▶ **What the task asks**
Print exactly what the entries say, line by line, from the first line down to the one with "Andreucetti Copper Bowl Rua Red Gallery", inclusive.

▶ **Material for this task**
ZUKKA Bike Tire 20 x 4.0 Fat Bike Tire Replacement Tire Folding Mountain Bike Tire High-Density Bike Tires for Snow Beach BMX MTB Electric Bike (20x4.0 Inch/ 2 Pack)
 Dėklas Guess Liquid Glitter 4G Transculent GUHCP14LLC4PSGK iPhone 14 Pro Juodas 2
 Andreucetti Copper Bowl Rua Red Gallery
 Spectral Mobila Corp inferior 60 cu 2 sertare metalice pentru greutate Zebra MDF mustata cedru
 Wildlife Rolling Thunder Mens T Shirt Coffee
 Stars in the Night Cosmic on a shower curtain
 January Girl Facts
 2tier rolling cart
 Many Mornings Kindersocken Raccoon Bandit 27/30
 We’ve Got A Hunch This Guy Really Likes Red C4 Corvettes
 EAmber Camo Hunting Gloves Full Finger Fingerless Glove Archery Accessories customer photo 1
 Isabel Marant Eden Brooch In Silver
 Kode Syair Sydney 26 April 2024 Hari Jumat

▶ **Written reply**
ZUKKA Bike Tire 20 x 4.0 Fat Bike Tire Replacement Tire Folding Mountain Bike Tire High-Density Bike Tires for Snow Beach BMX MTB Electric Bike (20x4.0 Inch/ 2 Pack)
 Dėklas Guess Liquid Glitter 4G Transculent GUHCP14LLC4PSGK iPhone 14 Pro Juodas 2
 Andreucetti Copper Bowl Rua Red Gallery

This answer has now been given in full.